Trends like these led to questions of how much leverage the Americans have in the trade negotiations. Probably less than in the past, it was acknowledged, especially as China now counts as the largest trade partner for more than a hundred other nations.
Other speakers sounded sanguine about the impact of the latest tariffs on China’s economy. One argument was that the tariffs aren’t as shocking to the Chinese any more, because they have been through the initial rounds without the damage to the real economy that they first feared. Another is that the country’s leaders are more confident about speeding up public spending or easing monetary conditions on signs of a tariff-triggered slowdown.
Policymakers are also going to push ahead with measures that support trends like domestic consumption, making their economy less exposed to external events.
Some of the people at the conference were still hopeful that the trade dimensions of the row might be resolved when the two presidents meet at the G20 summit in Osaka next month.
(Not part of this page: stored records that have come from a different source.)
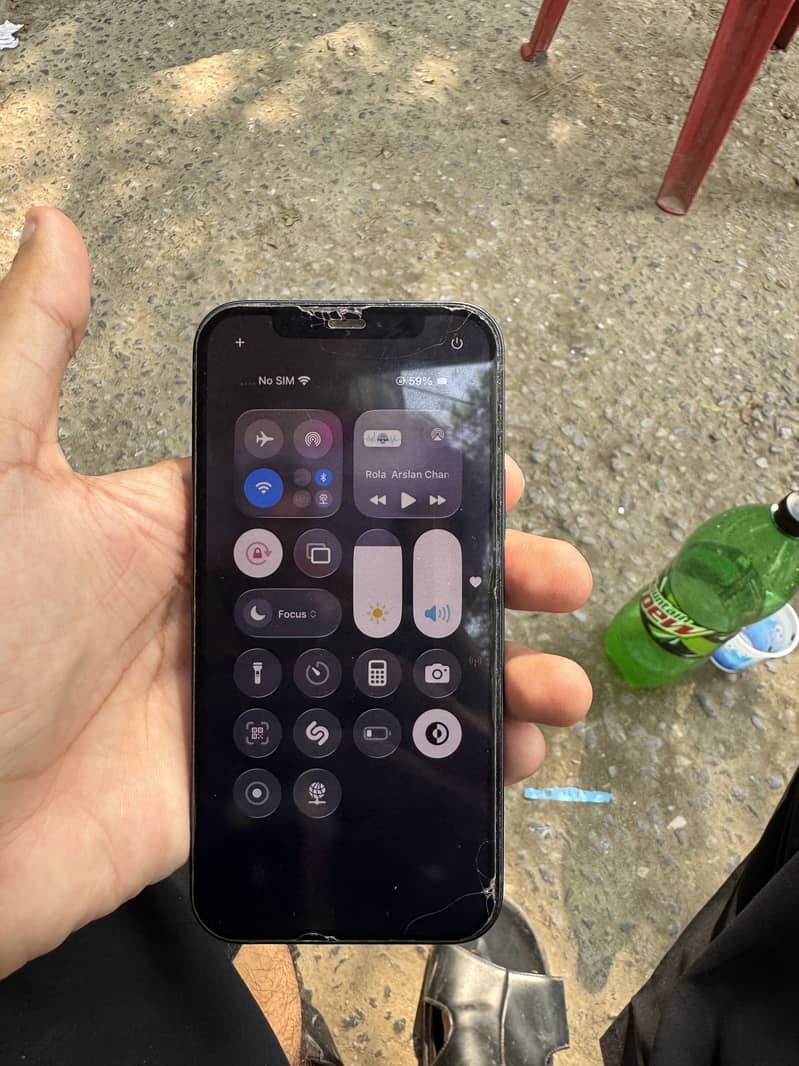 Apple iPhone 12 4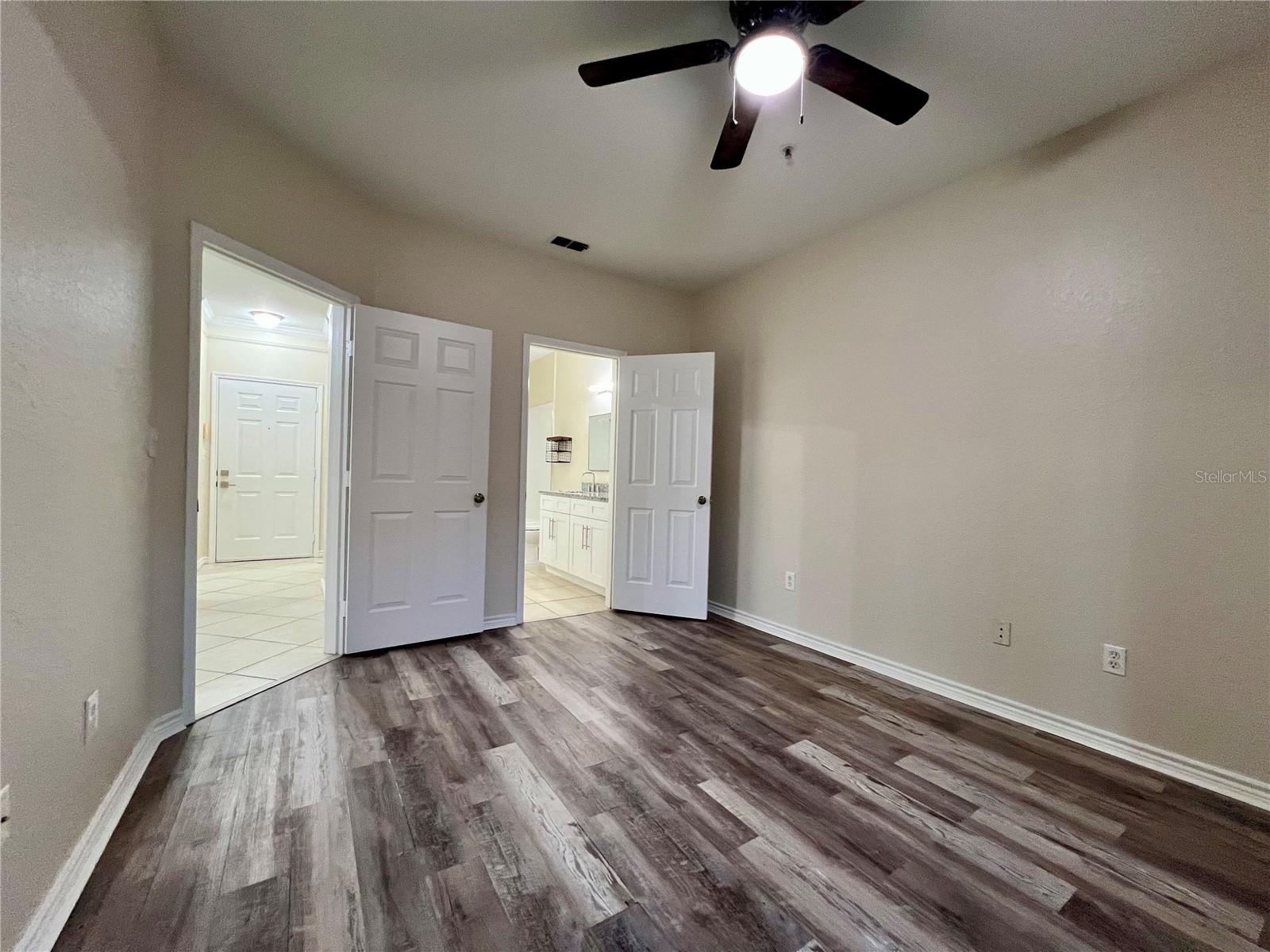 Image 14 of 32 For 4323 Bayside Village Drive 202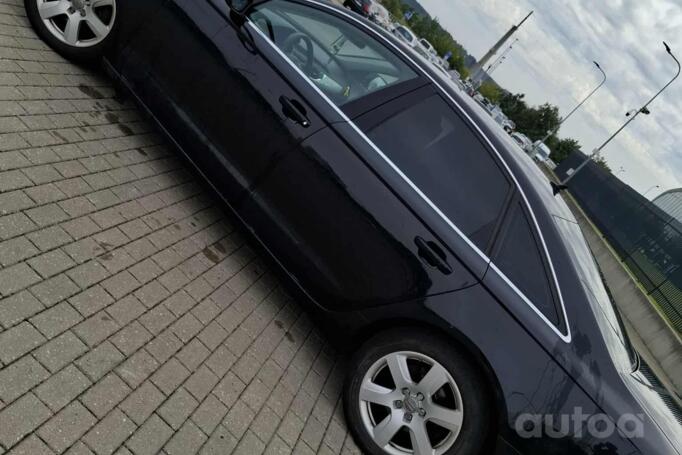 Audi A6 4G/C7 Sedan
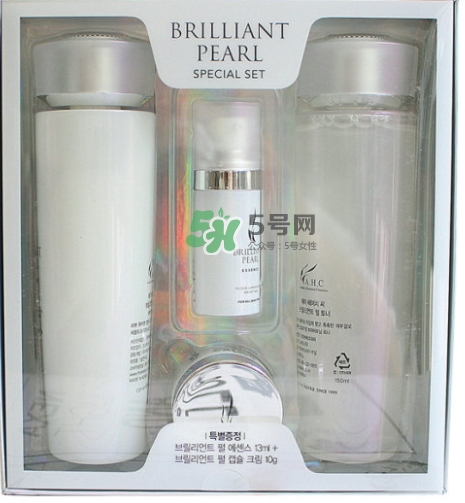 ahc珍珠美白水乳套盒怎么樣？ahc珍珠美白水乳好用嗎
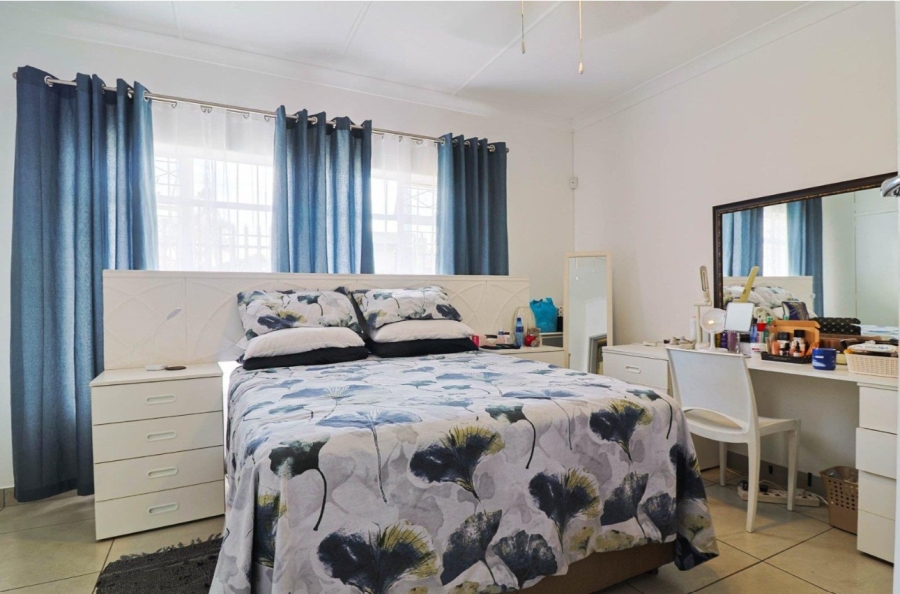4 Bedroom Property for Sale in Towerby Gauteng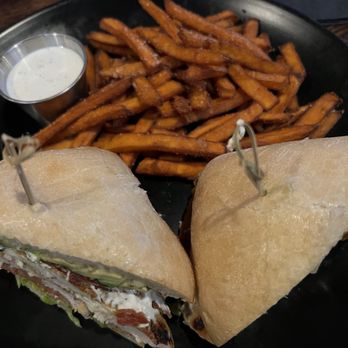 Knolls - Grilled chicken, goat cheese, bacon, avocado on ciabatta bread - Lounges Near Me - Laguna Niguel, California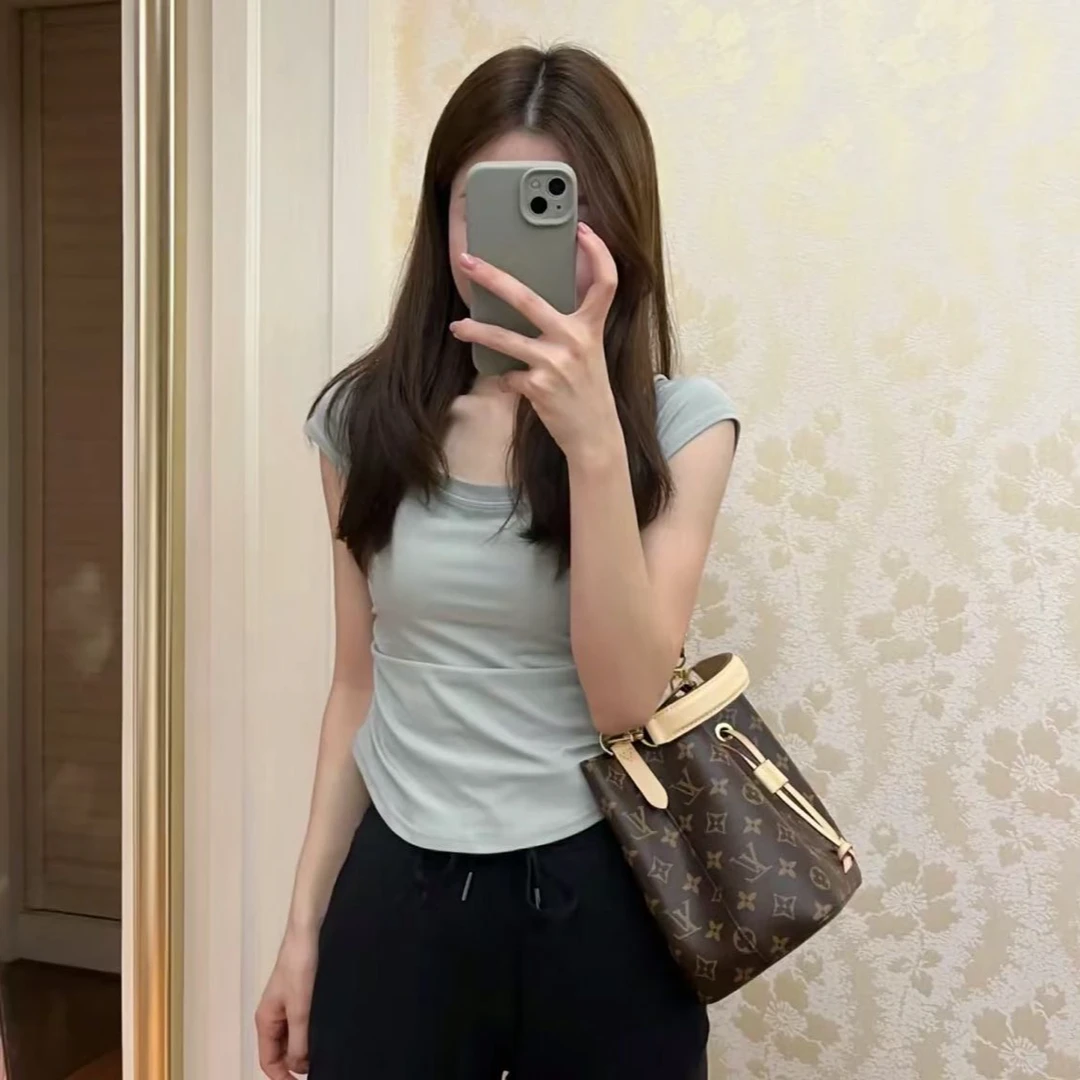 全新未使用 LouisVuitton/路易威登 国现新款小水桶NEONOE BB手袋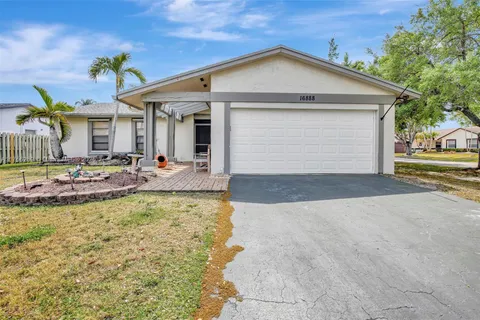 16888 Royal Poinciana Dr, Weston FL 33326
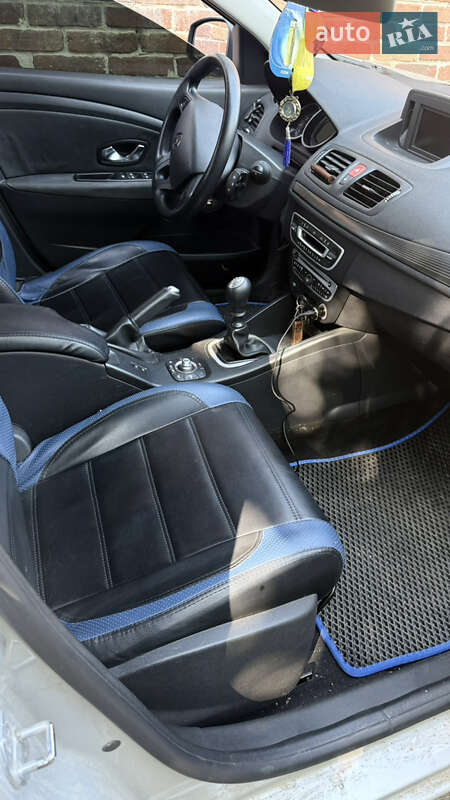 Универсал Renault Megane 2010 в Львове фото 17 Универсал Renault Megane 2010 в Львове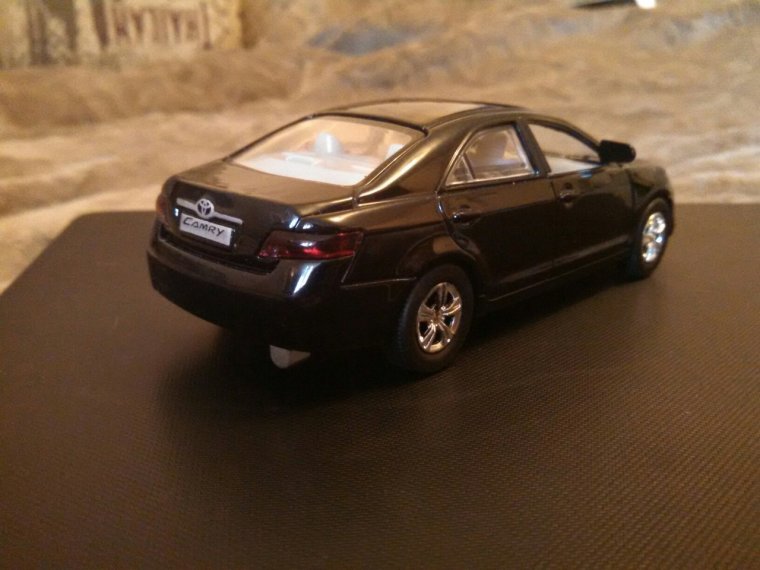 Модель Toyota Camry 40 1:32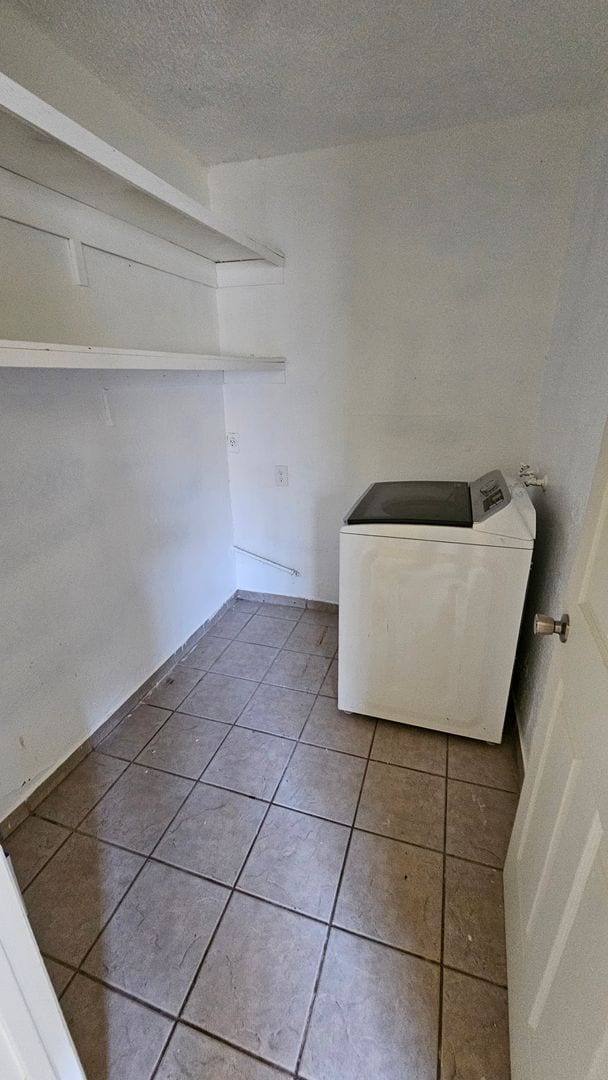 Building Photo - Available Now | 3 Bd 1 Ba Home in East Bak...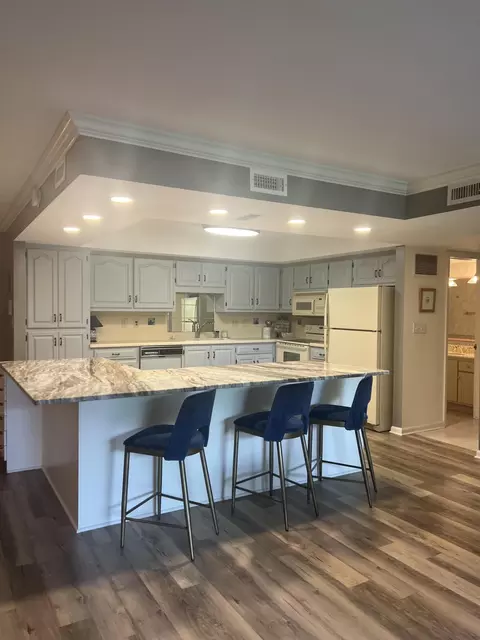 13335 Watertown Plank #111, Elm Grove, WI 53122
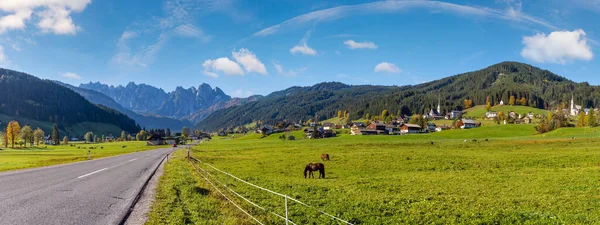 Peaceful Autumn Alps Mountain Countryside Panoramic Sunny View Austria Gosau — Stock Photo, Image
But most of the attendees didn’t seem confident that agreement will be reached in Japan. While talks on previous trade issues have tended to be technical in tone, the dialogue this time has been more public and much more political. Both leaders have staked personal capital on delivering a win. Neither will want to be seen as weak or backing down.
Despite the backdrop of trade tensions, HSBC’s China Conference was the best attended ever, hosting almost 1,200 delegates from over 30 countries. That was another signal that business goes on, whatever the political context. In a similar style, some of the speakers picked out a few positives amid all the uncertainty. Both countries have made much more of an effort to get to a settlement in the last few months than at any point in the last two decades, it was ventured. The two governments are also talking together in an unprecedentedly frank and persistent way.
That means that even if they don’t get a deal in the coming weeks, they will have a better grasp of each other’s gripes than at probably any time before – not an ideal situation, admittedly, but equally one not without value.